Dear Writer: The Muse Is a Lie

Many years ago I took a playwriting class that consisted in part of discussing great drama and reading aloud our own pieces, but mostly consisted of our professor giving us pep talks on the literary life. “No one’s going to care if you stop writing,” he declared, explaining how since family and friends didn’t understand what we did, no one would be concerned if we took a different route. “You have to do it for you.”

Another truth he upheld was, “There is no Muse.”

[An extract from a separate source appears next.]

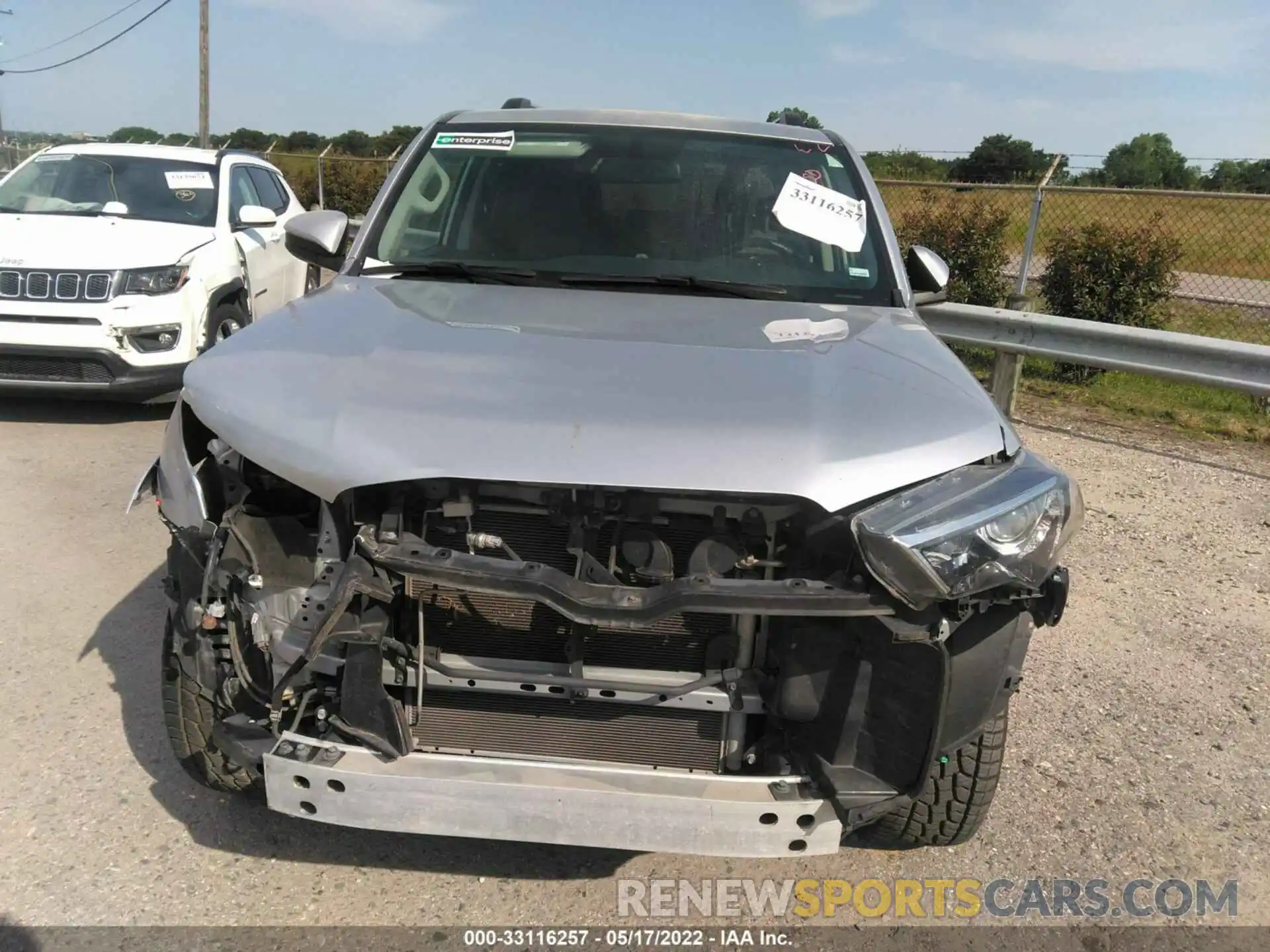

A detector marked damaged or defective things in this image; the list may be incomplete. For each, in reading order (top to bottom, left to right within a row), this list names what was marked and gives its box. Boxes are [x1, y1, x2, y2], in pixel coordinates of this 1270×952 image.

damaged front end [136, 398, 1072, 863]
broken headlight [853, 452, 1081, 604]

I thought these insights from a professional writer were great. I was still too young and inexperienced to have thought them any more than an appealing philosophy, a manifesto I should hold on to. But now that I’m older and have chalked up the miles as a writer, I can say, well, first, no, people don’t care if you stop. (That’s another post for another day.) But I can say definitively, “There is no Muse.”

The Muse is a lie.

In other words, don’t wait for inspiration to roll around to write.

The Muses were the goddesses of artistic inspiration, traditionally understood to be the daughters of Zeus. Each one embodied something of the arts, either poetry, music, or dance, and would bestow artists with the ability to do their work. Authors like Homer, Virgil, Shakespeare, Dante, and Ovid invoke the Muse at the start of their works, not only asking for help in telling the story, but sometimes asking for the Muse to tell the story through them.

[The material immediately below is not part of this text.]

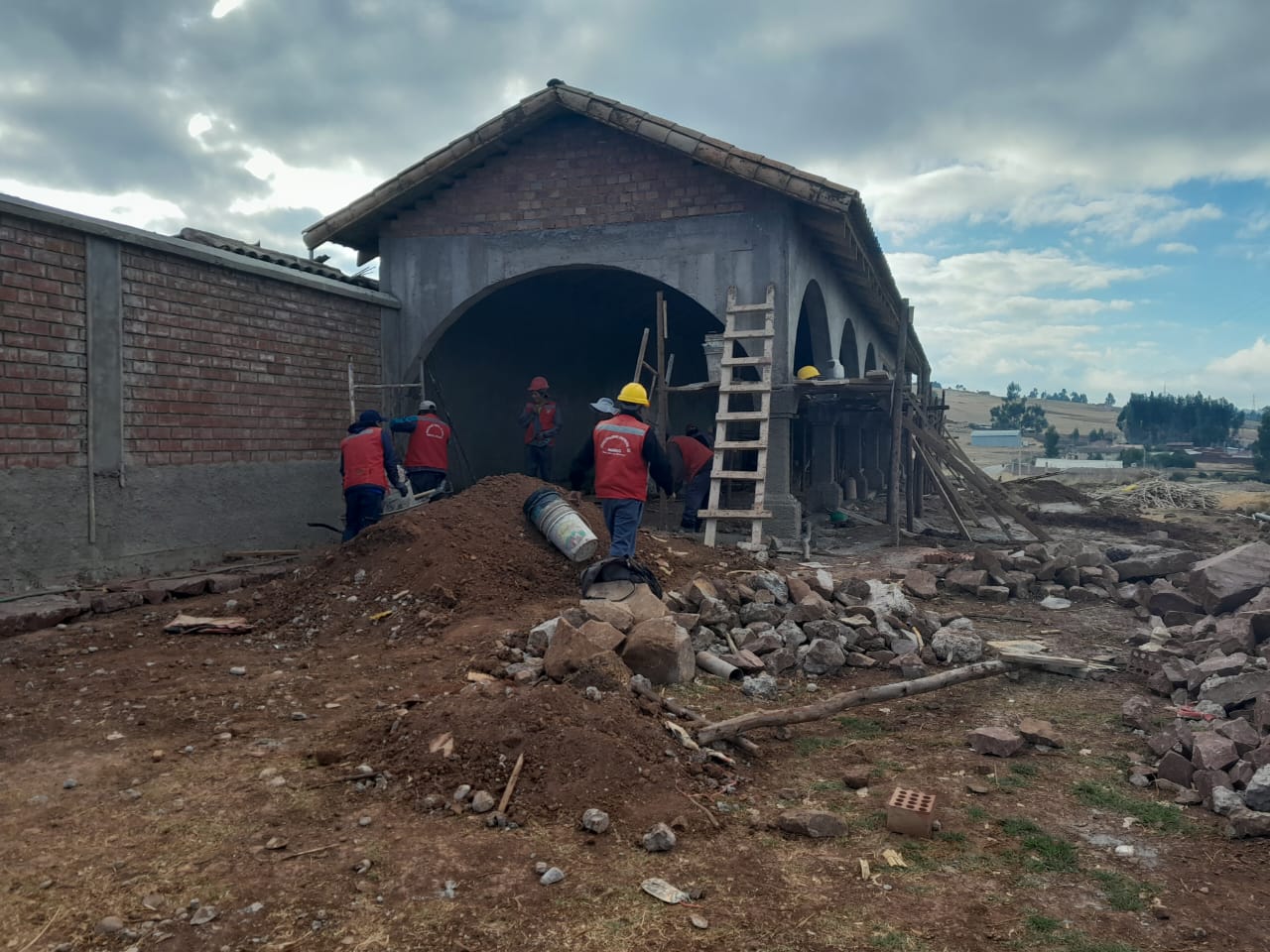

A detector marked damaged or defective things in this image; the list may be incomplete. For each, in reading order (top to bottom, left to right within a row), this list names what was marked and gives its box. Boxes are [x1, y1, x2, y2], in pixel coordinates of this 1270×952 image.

broken concrete chunk [964, 731, 1026, 762]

The idea of the Muse continued, but instead of looking to the gods for divine inspiration, writers looked to man for inspiration, eyeing physical beauty or other appealing attributes. Fitzgerald’s Zelda, Dante’s Beatrice, even Kerouac’s Cassady are all Muses that inspired literary works.

Yet when a writer is “waiting on my Muse,” it can mean either a tangible thing of inspiration, or the right moment of feeling flooded with creativity. It may happen at any time, or may take days or weeks for the Muse to “show up.” Some writers are superstitious about it and attempt to set up routines and methods by which to prompt the Muse. But once the Muse arrives, wonderful productivity and beautiful words must be on their way. Right?

No. Because the Muse is a lie, and it’s dangerous to think otherwise. My professor was right: There is no Muse.

Here are some ways to kill the Muse and become your own writer:

Read a Lot, and Widely: The best writers are the best readers, because readers pick up on how plotlines rise and fall, what kinds of descriptions make characters engaging, how great setting is created, how words are used, and how to weave in metaphor and literary devices. Reading also engages you with ideas both past and present, and empowers you to interact with the conversation. Prime the pump so that when you come to write, you have topics to write about, craft to work with, and won’t be relying on a Muse to make that happen.

Find Your Own Voice: They say you’ve finished the beginner stages of writing when you’ve written a million words. At that point, you should know what kind of style you write in, what kinds of stories you’re interested in writing, should feel comfortable around language, and above all, have found your voice. Don’t wait for someone outside of you to tell you what your voice should be.

Work When You Can: A lot of writers I know don’t have hours alone to waste away while waiting for inspiration to strike. One of the biggest habits I taught myself was to be able to turn writing on when I needed it, and turn it off when I don’t. Be ready to write by priming the pump with ideas and letting your subconscious brain work away at your creative problems. It takes some training, but it’s the skill that will allow you to be productive in the early morning hours before the family wakes up, on your lunch break, on the train on the way home. or in the stolen moments.

Discover Your Own Motivation: Waiting around for a Muse to make you productive is a lot like playing video games on your computer until your boss appears telling you to get to work. As writers, the desire to create is like breathing. Writers have stories to tell, voices they want to share with the work, news to report, dialogue to add the bigger conversations. It’s a kind of voraciousness that’s hard to quench. Discover the reasons why you love to write and use that as your motivation.

Learn the Business: In the creative writing world, there’s the assumption that if your work is really, really good and inspired enough, agents, literary magazines, publication, and fame will find you. That’s a lie. It’s unfortunately fallen to the writer to learn about the business themselves (most MFA programs will teach you how to write, but not how to sell what you write), but it’s worth the time to learn. Start submitting to literary magazines to find out how that process works. Learn about query letters and contracts. Learn about the changes in author marketing, in self-promotion, in traditional and self-publishing. Learn how bookstores work; heck, go work in one! Once you have this knowledge, you’ll know how to take action — and won’t need to wait for someone to come along and tell you how it’s done.

Put in a little work, practice, and ingenuity, and you won’t have need for a Muse at all.